Walking Man serves hearty, creative pub food in a spectacular setting

The Columbian
Published: May 14, 2010, 12:00am

Why: Like the head on a just-poured mug of beer, Walking Man Brewing rose to the No. 15 spot on RateBeer’s Best Brewpubs 2010 list. It’s a beer-lover’s honor, which has brought in a steady stream of brew-tasting epicureans, who are ordering more sample trays, said Jacob Leonard, head brewer for Walking Man.

But epicureans, even the brew variety, cannot live on beer alone. Sometimes you’ve got to eat.

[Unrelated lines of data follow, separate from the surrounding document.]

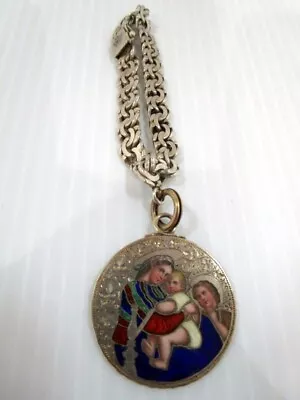 Vtg Sterling Mexico FVA Heavy Curb Link Bracelet W/ Madonna Of The Chair Charm • $14.99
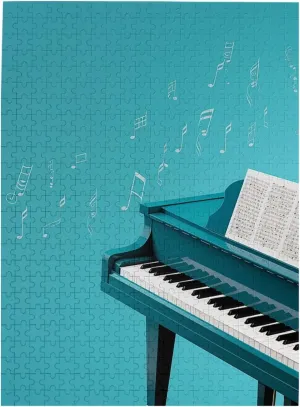 Wooden Puzzle for Family, Birthday, Wedding, Game Nights Gifts, 20.4"x15 500 Piece Jigsaw Puzzle for Adults Personalized Picture Puzzle Piano on Blue concomitant interplay proceed gunfire tractor fade Background Customized 
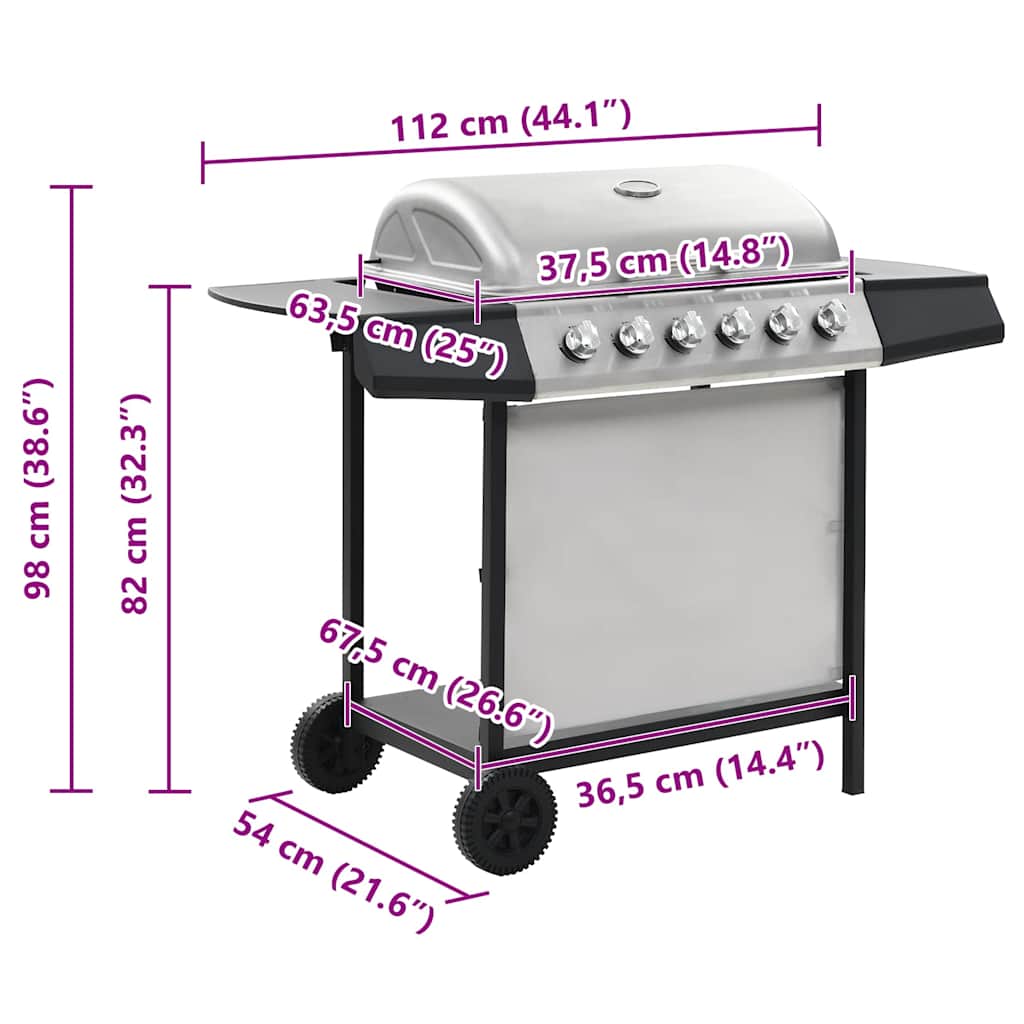 Outdoor Grills 6 Burner Gas BBQ Grill Barbecue Thermometer Black Removable 112 c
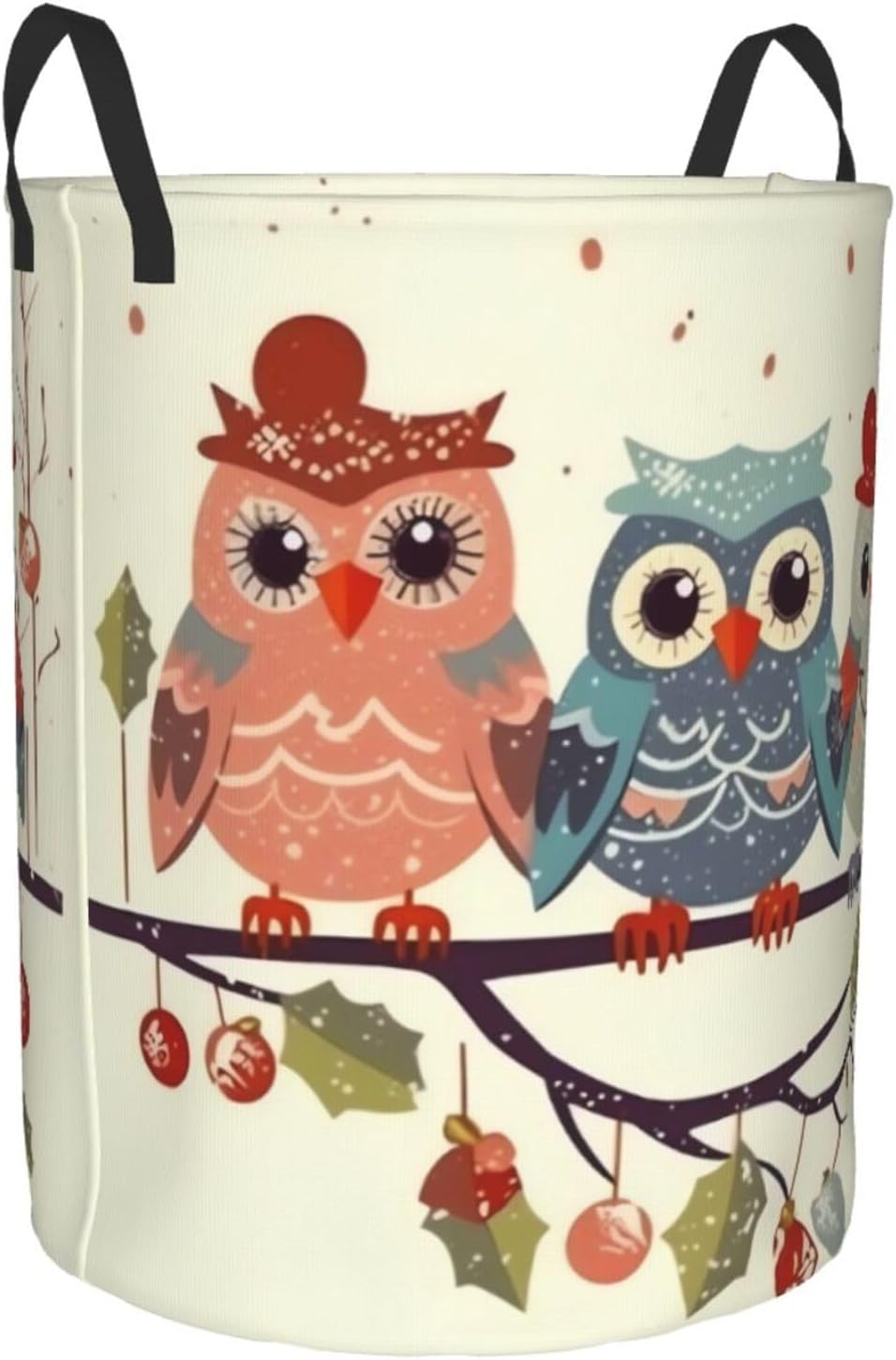 Cute Christmas Owls on Branch Laundry Basket With Handles, Foldable Laundry Hamper Oxford Cloth Dirty Clothes Basket Waterproof Clothes Toys Storage Bin Organizer for Bedroom Bathroom Dorm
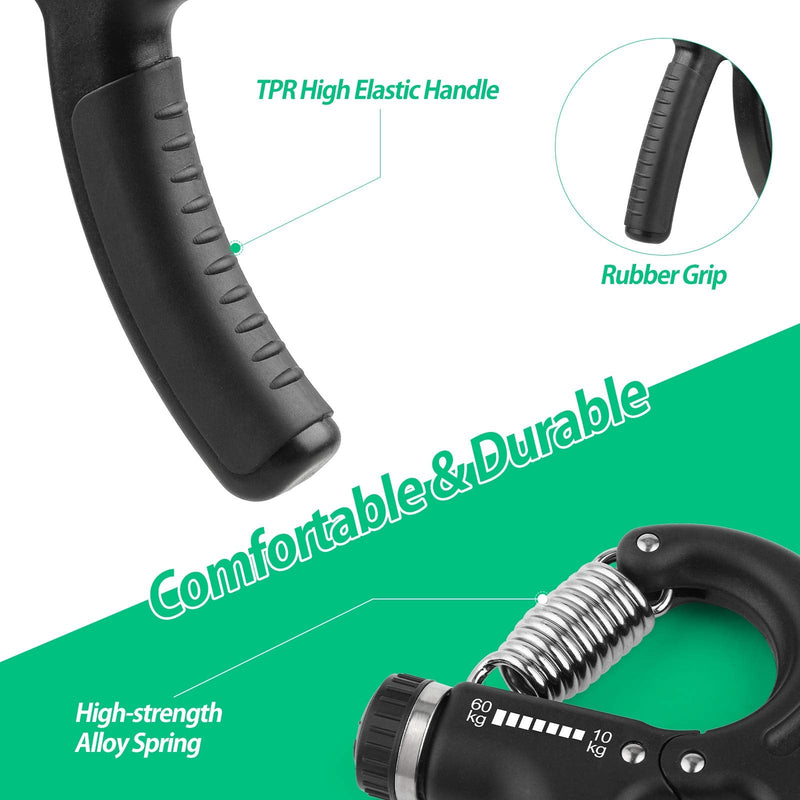 NIYIKOW Grip Strength Trainer, Hand Grip Strengthener, Adjustable Resistance 22-132Lbs (10-60kg), Non-Slip Gripper, Perfect for Musicians Athletes and Hand Rehabilitation Exercising Black-1Pack - BeesActive Australia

Which brings us to pub food, something that the brewery began serving shortly after its 2000 opening.

Atmosphere: Imagine an old spaghetti Western and you get a sense of the brewery from the outside, which is defined by its silver-toned weathered wood. But when you descend a flight of wooden steps to head inside, another world opens. On the ground floor, you’ll find a beer garden to the right, where hops sprout and summer music will play. It’s here where diners and beer lovers can also soak up a view of the Columbia River Gorge.

Walk through the door on the left and enter the darkened den of all things pub. Vintage beer serving trays and beer steins dot this man cave, where patrons sidle up to the etched concrete bar. Bob Craig, the 61-year-old pub owner, said he wanted to create a place where he’d like to hang out, which meant hiring an artist to design metal bar stools that echo the yellow Walking Man brewery logo.

What I tried: I opted for a basket of Garlic Parmesan Fries and, at the server’s suggestion, a Black Pesto Pizza.

The fries, a garlicky dish sure to scatter any would-be vampires, could have easily fed two or more over a glass of beer. They were served sizzling hot and sprinkled with garlic seasoning, which left an impression that lasted for hours after the meal.

The pizza was made with black olives, pesto, sun-dried tomatoes, capers, artichoke hearts, green onions and feta cheese. The crust was chewy, pliable and almost like a fresh-baked pita, but with that distinctive pizza-dough flavor. A black-olive pesto sauce topped the dough, and the vegetable toppings were spread over it. Like the fries, the 10-inch pizza could easily be shared with a companion.

Rick Toledo, the brewery’s chef, came up with the pizza recipe when he owned the now-closed The Crossing Café. The secret, he said, is in the pesto sauce, a spread that includes black olives, garlic, capers, olive oil and spices.

Other observations: Don’t look for a men’s room in this brewery. Or a lady’s room, for that matter. Instead, you’ll find two restrooms, one marked “Readers,” the other “Dreamers,” leaving you to decide which one suits you.

Menu highlights beyond what I tried: The Smoked Salmon Pizza — which is made with smoked salmon, Parmesan and mozzarella cheeses, mushrooms, green onions and dill — sounded intriguing. Toledo said the salmon in the Columbia River, just a couple blocks away, was the inspiration for this pizza.

Cost: Plan on about $5 for fries and about $10 for pizza.

Hours: Wednesday through Friday from 4 to 9 p.m.; Saturday 3 to 9 p.m. and Sunday 3 to 8 p.m.

Contact: 509-427-5520.

Where: 240 S.W. First St., Stevenson.

Health score: Walking Man Brewing received a health score of 18 for its September 2008 inspection, which is the most recent score it has received. Zero is a perfect score. Skamania County Public Health closes restaurants that score 100 or higher. For information, call 509-427-3881.